2. Expression of virion-sense strand genes

(a). Virion-sense genes are transcribed through bidirectional viral promoters

The bidirectional promoters located in the IR of geminiviruses are necessary for controlling the viral gene expression. The studies from geminiviruses of different genera mapped these promoters between the 5′ ends of the first complementary- and virion-sense strand genes [1114]. The virion-sense strand genes are not expressed at all times, but at late in the infection cycle. This is achieved by the virion-sense strand promoter that becomes active only at the late infection stage. A complementary-strand encoded transcriptional activator protein (TrAP) regulates this viral promoter by binding to a conserved late element (CLE) like GTGGTCCC. In a bipartite begomovirus, transcriptional start site of virion-sense strand transcripts is mapped at 30 and 35 nt downstream from a consensus TATA box [14,15]. In addition to highly efficient CP translation, small RNA sequencing studies indicate that this transcription unit is not a hotspot for RNA silencing [16,17], and hence can result in very high accumulation of CP in the infected cells.
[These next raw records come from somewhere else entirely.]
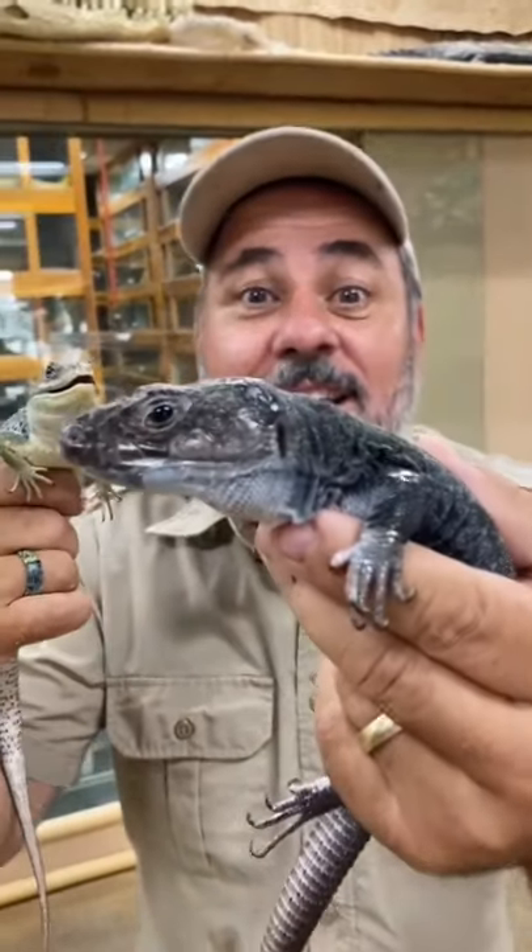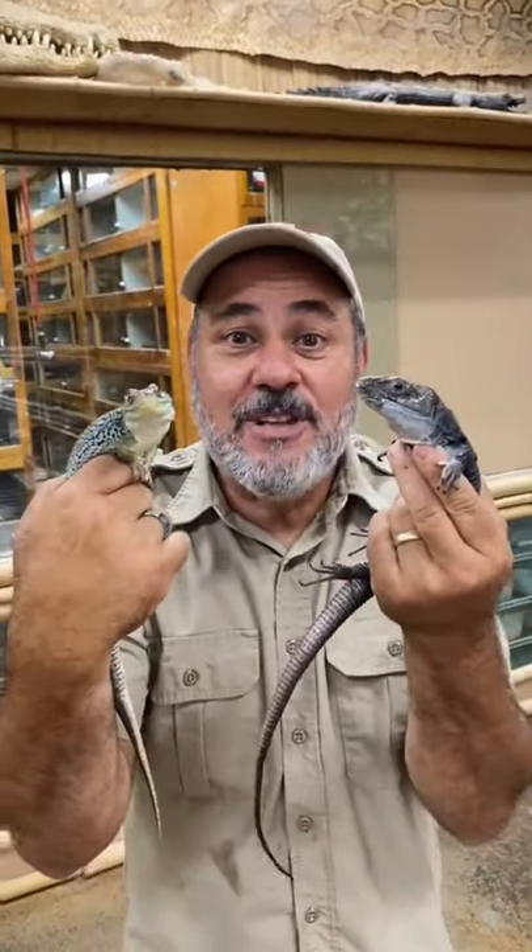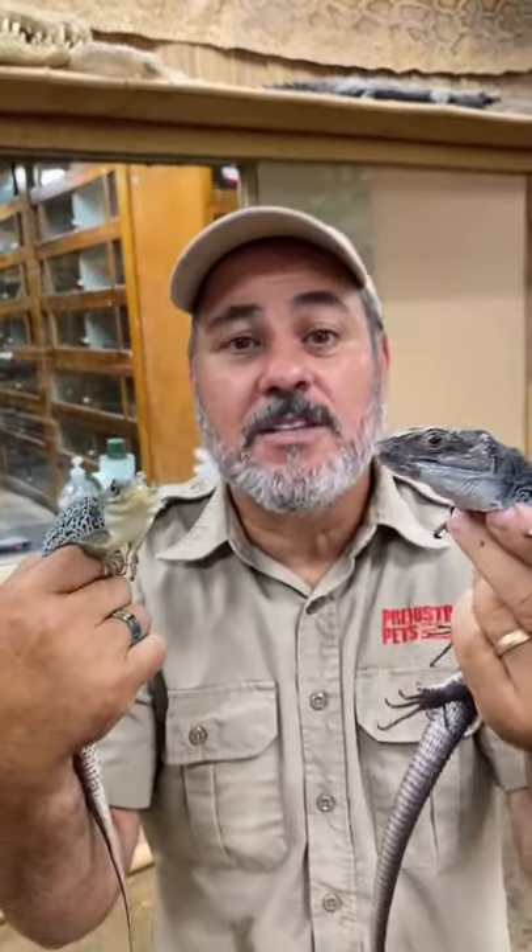Check it out. This is a melanistic Lacerta, green Lacerta, and this is a normal colored one. The cool part is they're both the same lizard. This one's just all black because it's melanistic.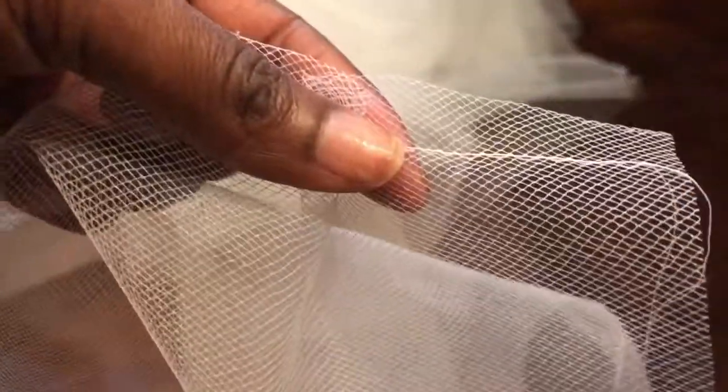We did the scrunch and pull method with our first layer. Make sure when you sew it, it's about a half an inch from the top and your machine is on the widest stitch. Then you would pull one of the threads to create these big beautiful ruffles.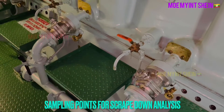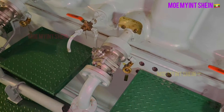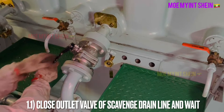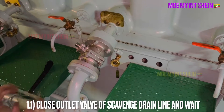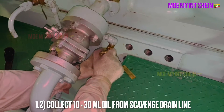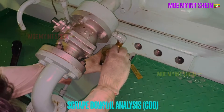These are sampling points to collect used cylinder oil from under piston space. First, close the outlet valve of the scavenged drain line and wait for a while. Then collect 10 to 30 milliliters of used cylinder oil by opening the sampling valve.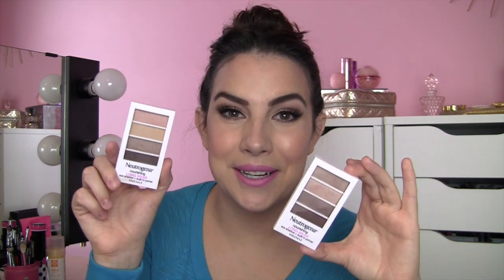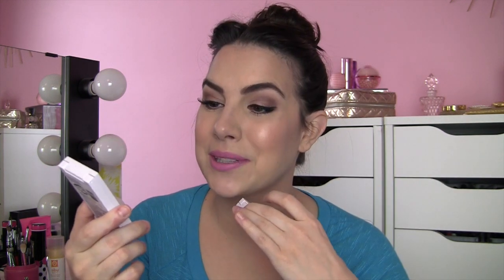Everything in here is actually kind of a shimmery satin finish. So when I picked up Classic Nude, I thought there were two matte shades in here. Turns out they are only really matte at a glance in the product — they actually do have a little bit of a satiny finish when you swatch them out. I'm not saying they look overly shimmery or shiny when you put them on the lids. They don't.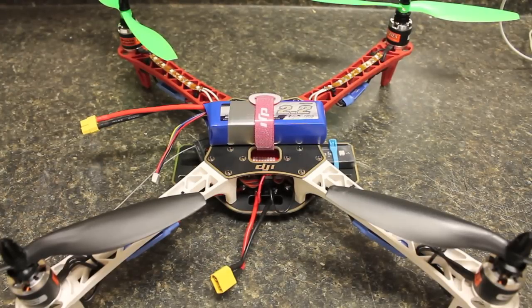In this video I wanted to take you through setting up the voltage monitor first level protection for the DJI NAZA controller using the NAZA assistant software.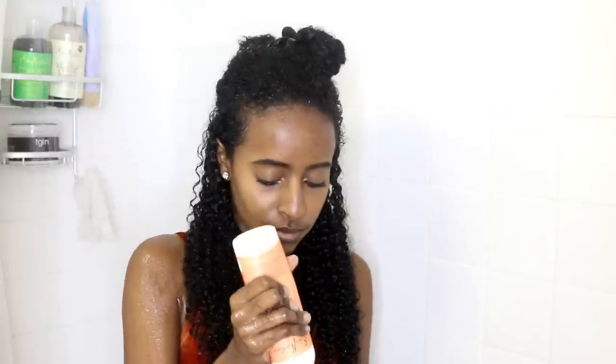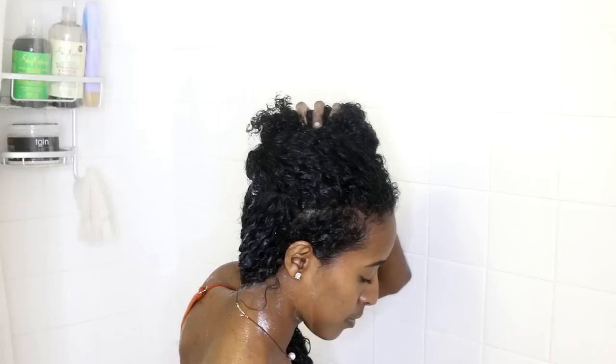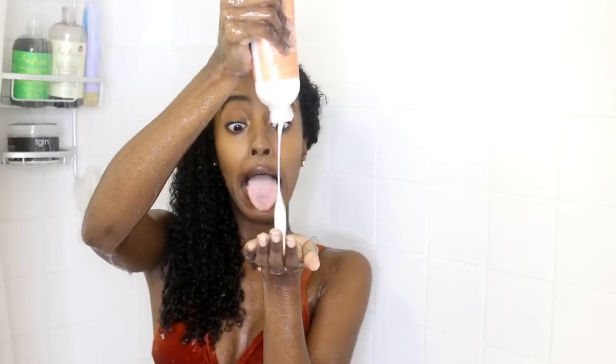Now my hair is just nice and wet. I'm splitting it in half and clipping up the top section so that when I apply the shampoo and conditioner, it's easy to apply. I'm squeezing out some of this 2-in-1 product and distributing it through my hair, smoothing and raking it in. This product was really easy to glide through my hair and I was actually really happy with it. Now I'm just twisting that one side, then taking the top half and doing the same thing — splitting it and applying the product again.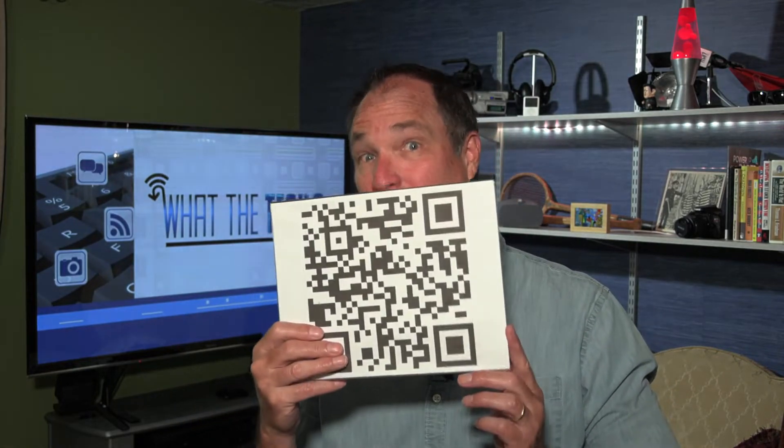If you have guests staying in your home, one of the first questions they're going to ask is, what's your Wi-Fi name and password? And if you have a really long password, it can be a challenge sharing that. But this solution is not only very helpful, it is pretty cool.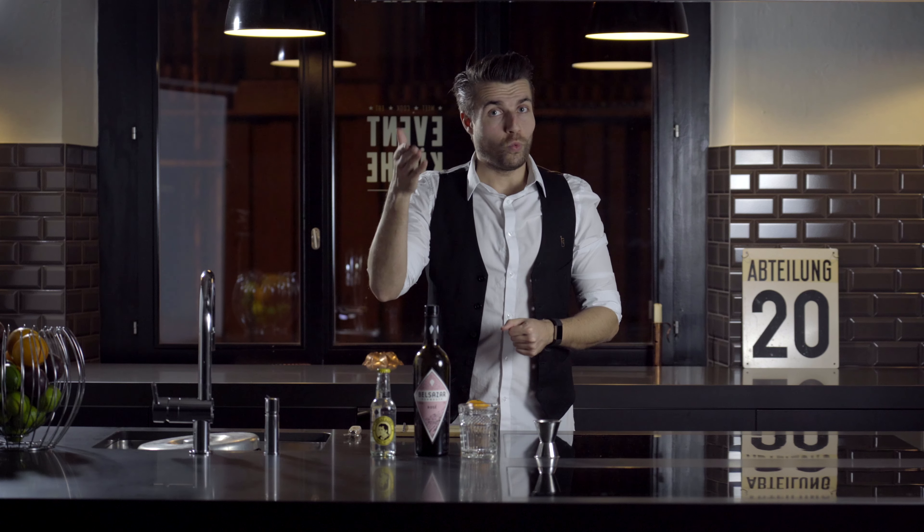Hello everyone! I hope you are excited for the next drink. The next drink is the rosé vermouth and tonic. What do you need for that?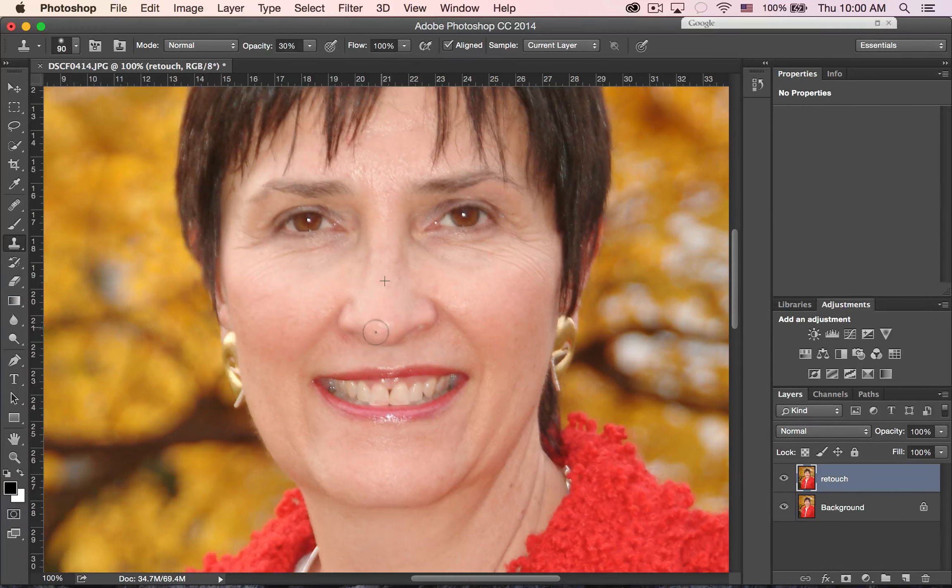I'll set my source point up here on her nose, option click, and just start to remove that. See how it lessened that glare? Now the thing we want to be careful of is not to lose the dimensionality of her face — you don't want to flatten it out, and that's something that happens quite frequently. So I'm going to make this smaller.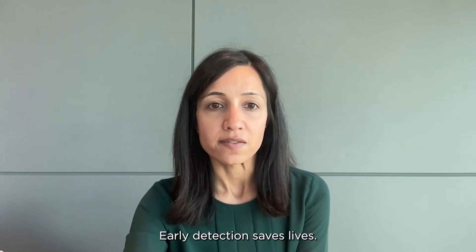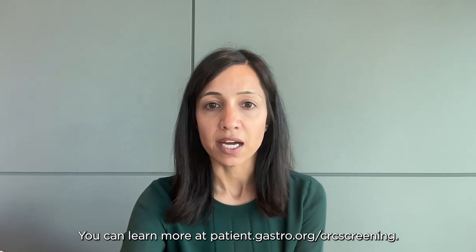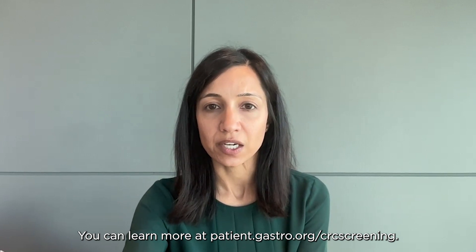Early detection saves lives. You can learn more at patient.gastro.org/CRC-screening.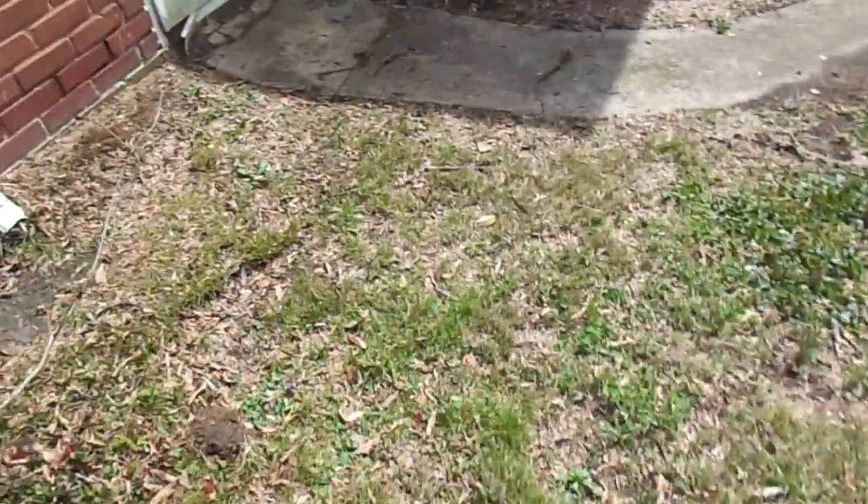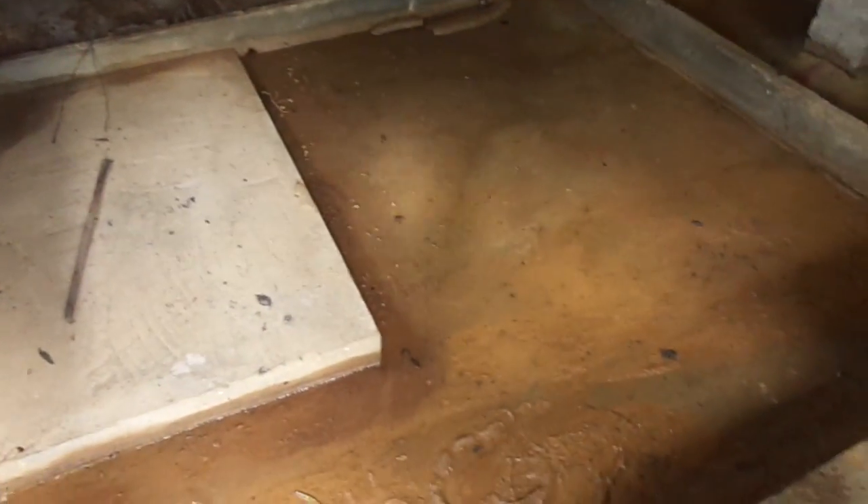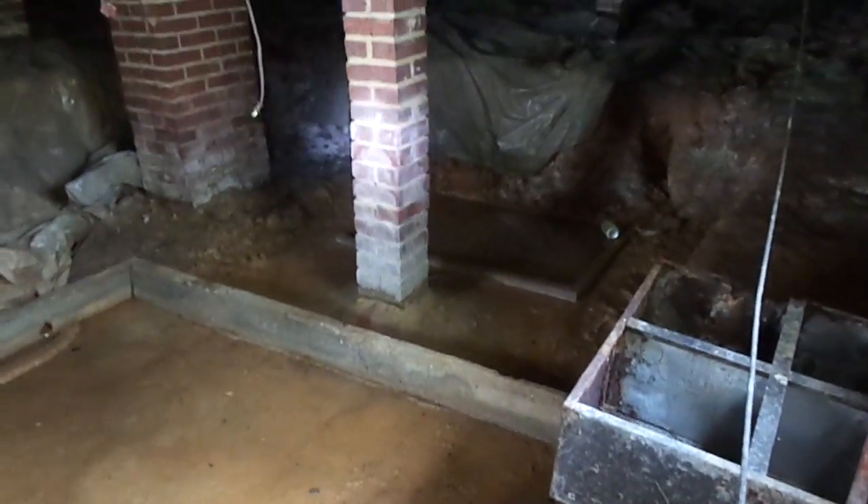I'm about to turn the main water valve off at the front yard. As you can see, it's completely flooded in here — it's actually still trickling through. So I'm going to shut the water off so no further damage is done, and notify the homeowner.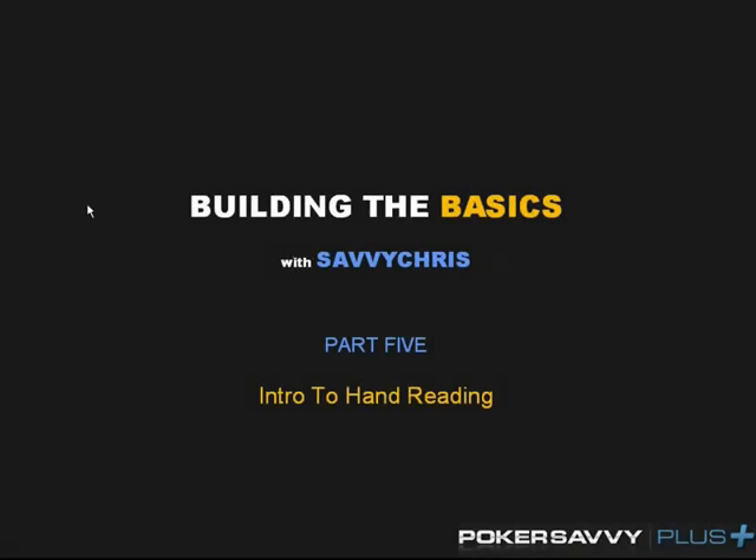Hey, what's up everybody, this is Chris with Team Poker Savvy for Poker Savvy Plus. We are here making our fifth video in our Building the Basics series. This video is going to focus on hand reading. I've taken this bonus series and turned it into a more series-based approach with the title Building the Basics.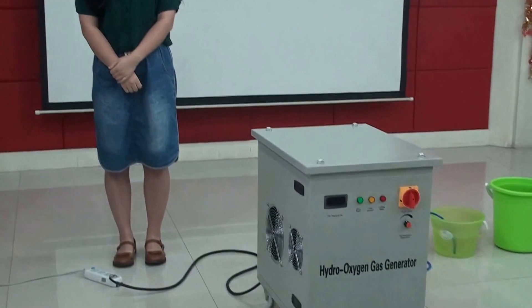Hello, everyone. Welcome to King Car Company. What I'm going to show you today is our new small oxy-hydrogen gas generator. It has a gas production of 200 liters per hour. Let me show you how it works.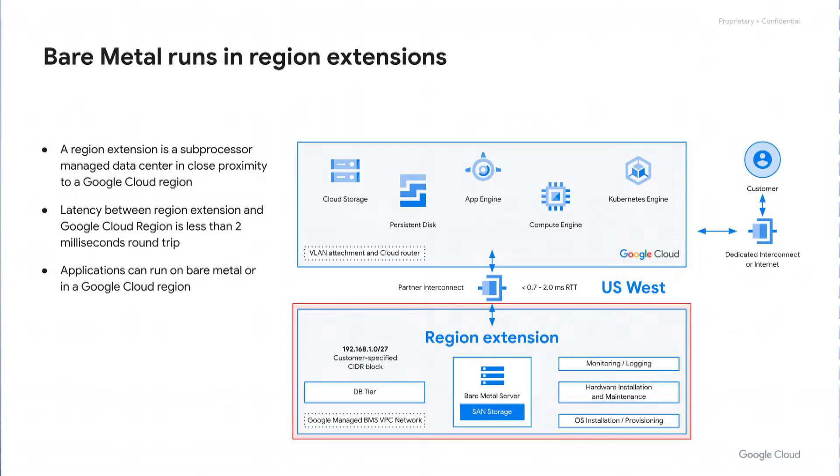Bare Metal runs in region extensions — a separate data center from the Google Cloud data center. We do this because it tends to be more compatible with Oracle license policies, and it allows us to provide a hardware and infrastructure configuration much more similar to an on-premise setup. The bare metal infrastructure and network looks a lot like an on-premise data center. You get a full bare metal server that is entirely yours — not a shared resource with any other customer. By default, there is no hypervisor on the bare metal, though you may request one. You get a root login and may install any properly licensed software you wish.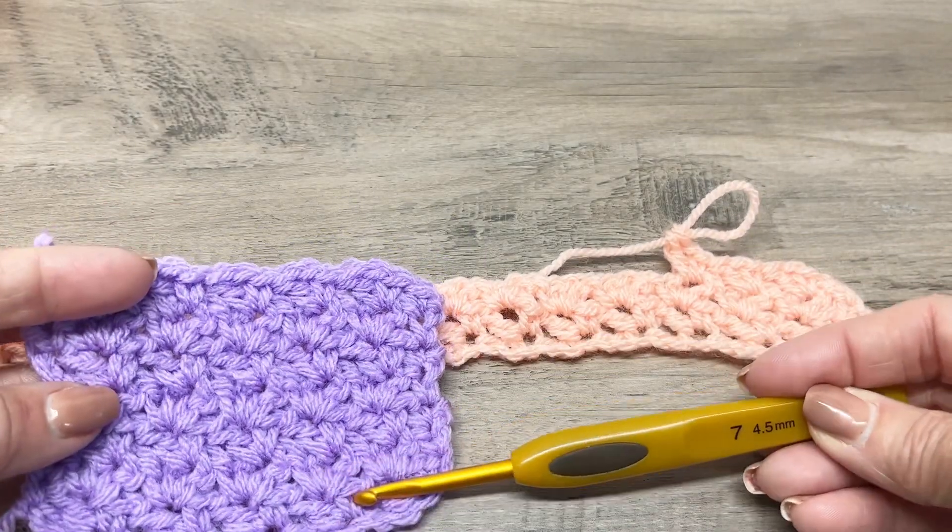Go ahead and make a chain that is a multiple of three, then add two. You can start with a slip knot, then just chain a multiple of three. Once you get your multiple of three, go ahead and add two — one, two.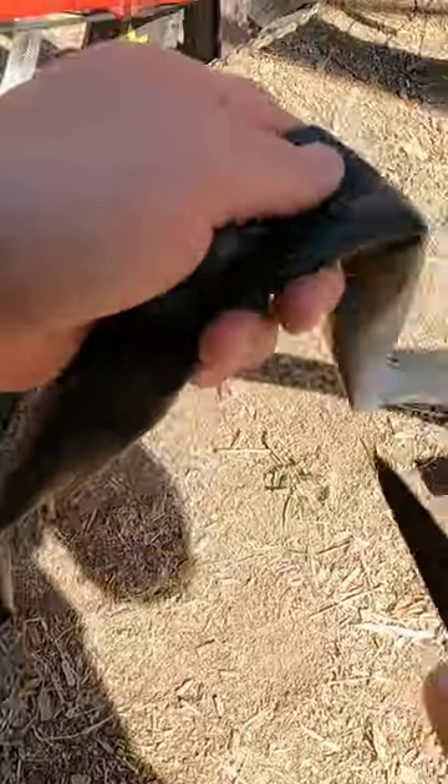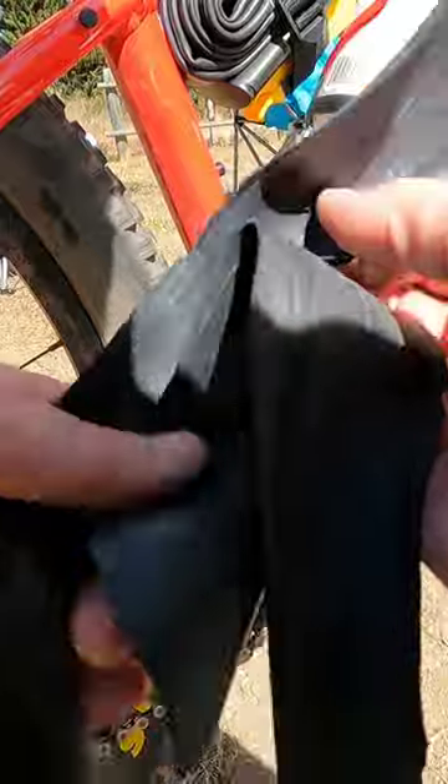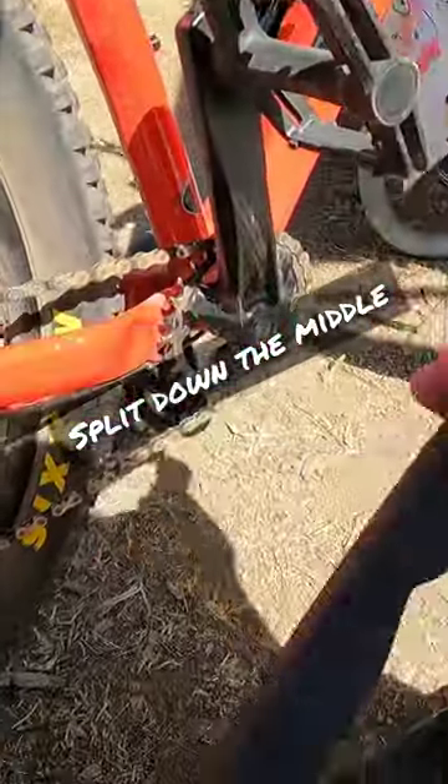So basically what I'm going to do is take this old tube and cut it. I just want to make sure that it's plenty long, but I don't want it to be too long to work with. Now I have my chewed up strip of inner tube.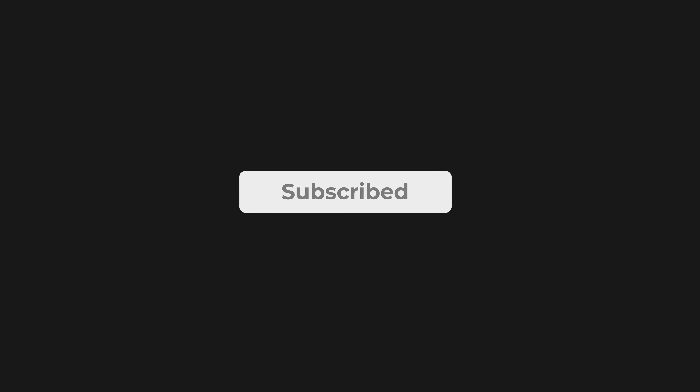Alright, that's all for today's video. Please drop a like if you enjoyed the video and subscribe to the channel if you'd like to see more videos like this.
The mRNAs generated from the virion-sense strand are under the tight transcriptional regulation of a promoter located in the IR of geminiviruses [1820]. A single promoter in the Curtovirus is responsible for the expression of CP, V2 and V3 [21]. In Mastrevirus, Rep protein is required for the activation of V1 promoter, and stable expression of its V2 promoter showed vascular tissue-specific expression in dividing tissues rather than in mature cells [22,23]. Moreover, deletion of cis-regulatory elements i.e. GC box (of Mastrevirus) or 30 nt long CLE (of Curtovirus and Begomovirus) in the virion-sense strand promoter led to decreased promoter activity [2427]. These cis-elements in the viral promoters probably regulate this tissue-specific gene expression. Such tissue-specific expression of CP might ensure efficient coating of the newly replicated viral genome to prepare for virus packaging and uptake by the insect vector.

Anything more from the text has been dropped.